● Assigned task: The entries below contain a stretch that opens with the line containing "Δείτε πώς έφθασε" and closes with the line containing "Hyundai HL 955 Колесни товарачи"; set down that stretch exactly, both ends included, and nothing else.

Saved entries
- - - - -
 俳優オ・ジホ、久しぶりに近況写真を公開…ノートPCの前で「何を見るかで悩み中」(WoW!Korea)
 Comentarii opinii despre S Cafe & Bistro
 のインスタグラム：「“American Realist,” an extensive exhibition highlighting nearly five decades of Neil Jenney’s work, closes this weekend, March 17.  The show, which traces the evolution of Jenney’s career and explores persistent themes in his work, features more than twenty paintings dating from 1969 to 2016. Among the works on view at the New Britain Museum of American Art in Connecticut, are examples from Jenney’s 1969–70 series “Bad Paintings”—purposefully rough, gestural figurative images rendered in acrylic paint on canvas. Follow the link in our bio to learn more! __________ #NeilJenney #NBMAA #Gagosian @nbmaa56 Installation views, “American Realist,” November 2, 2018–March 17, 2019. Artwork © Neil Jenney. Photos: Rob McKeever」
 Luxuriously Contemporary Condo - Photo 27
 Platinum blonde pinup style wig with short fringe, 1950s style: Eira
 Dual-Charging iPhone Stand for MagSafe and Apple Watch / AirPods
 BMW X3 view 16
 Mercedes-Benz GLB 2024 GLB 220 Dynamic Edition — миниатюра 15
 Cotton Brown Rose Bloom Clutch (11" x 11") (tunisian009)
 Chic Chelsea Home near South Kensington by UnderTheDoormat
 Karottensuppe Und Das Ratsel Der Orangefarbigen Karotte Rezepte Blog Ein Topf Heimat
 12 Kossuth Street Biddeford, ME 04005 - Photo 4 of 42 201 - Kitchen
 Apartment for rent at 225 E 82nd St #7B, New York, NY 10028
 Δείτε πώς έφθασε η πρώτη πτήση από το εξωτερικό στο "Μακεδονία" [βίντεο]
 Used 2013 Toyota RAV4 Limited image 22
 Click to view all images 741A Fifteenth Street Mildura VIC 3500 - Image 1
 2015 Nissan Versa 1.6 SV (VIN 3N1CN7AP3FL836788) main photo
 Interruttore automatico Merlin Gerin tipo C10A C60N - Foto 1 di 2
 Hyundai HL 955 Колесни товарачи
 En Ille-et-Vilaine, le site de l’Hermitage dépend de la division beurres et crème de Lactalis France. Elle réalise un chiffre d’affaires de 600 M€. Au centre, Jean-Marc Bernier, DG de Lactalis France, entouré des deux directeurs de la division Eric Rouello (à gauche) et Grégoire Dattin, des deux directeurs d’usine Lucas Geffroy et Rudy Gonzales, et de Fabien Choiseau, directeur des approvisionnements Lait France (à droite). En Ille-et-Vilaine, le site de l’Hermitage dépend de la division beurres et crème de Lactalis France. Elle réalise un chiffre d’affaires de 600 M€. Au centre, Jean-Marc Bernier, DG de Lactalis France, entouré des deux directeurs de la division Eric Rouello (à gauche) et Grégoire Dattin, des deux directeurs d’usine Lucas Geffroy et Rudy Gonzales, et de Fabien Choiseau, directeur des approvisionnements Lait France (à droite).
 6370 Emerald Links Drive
- - - - -
● Exercise answer:
 Δείτε πώς έφθασε η πρώτη πτήση από το εξωτερικό στο "Μακεδονία" [βίντεο]
 Used 2013 Toyota RAV4 Limited image 22
 Click to view all images 741A Fifteenth Street Mildura VIC 3500 - Image 1
 2015 Nissan Versa 1.6 SV (VIN 3N1CN7AP3FL836788) main photo
 Interruttore automatico Merlin Gerin tipo C10A C60N - Foto 1 di 2
 Hyundai HL 955 Колесни товарачи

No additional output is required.